Elle est âme et esprit en même temps. Elle informe et anime le corps humain en tant qu’âme et forme substantielle
de ce dernier, mais, elle le transcende en tant qu’esprit. Selon les termes de saint Thomas, elle n’est pas une forme immergée dans un corps, mais émergeante et transcendante
(1). Sa vie ne s’achève pas avec la mort du corps. L’homme est mortel ; son âme est immortelle.
La vie de l’homme, c'est-à-dire du composé humain d’âme et de corps, est de quarante, soixante, quatre-vingt ou
cent ans ; celle de son âme n’a pas de fin. Sa durée est l’éternité (2).

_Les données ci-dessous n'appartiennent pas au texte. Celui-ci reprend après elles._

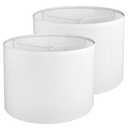 Drum Lamp shades Set of 2, White Line Lamp Shades for Table Lamps Floor Lamp, 13" Top X 13" Bottom X 10" High Large Fabric Lamp Shades, Easy Assembly Replacement Lampshades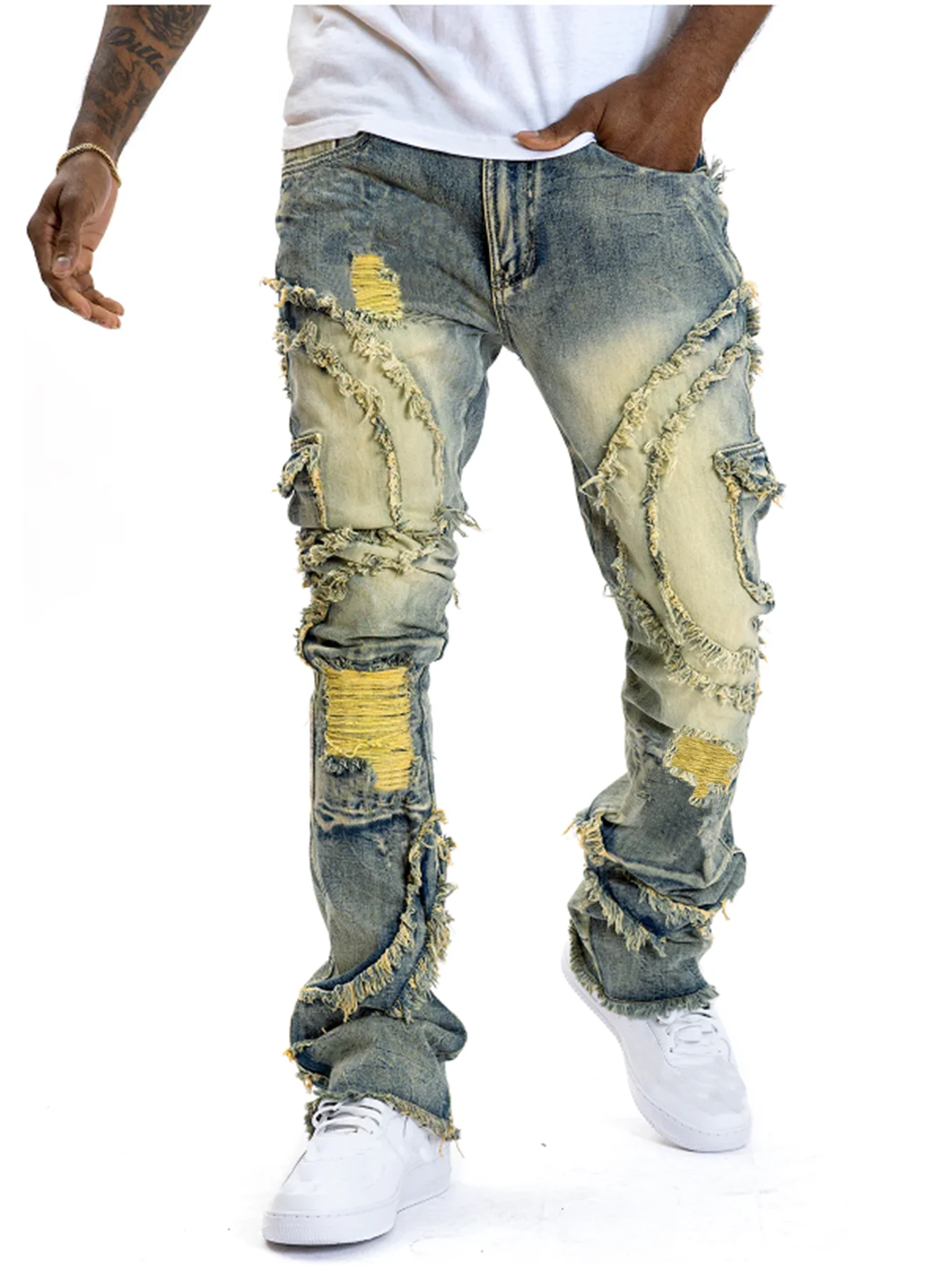 2025 New Men Ripped Stacked Je - Skinny Jeans Ripped review and price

Dans ces conditions, il est nécessaire de conclure que l’origine de l’âme humaine ne peut résulter d’une
transmutation de la matière ou d’une génération, comme pour les autres âmes inférieures des animaux ou des plantes. Elle ne peut résulter que d’une création immédiate par Dieu même, parce
qu’aucune créature n’est capable de rien créer, au sens métaphysique du terme, c'est-à-dire de produire une chose dans tout son être, sans matière ni sujet préexistant.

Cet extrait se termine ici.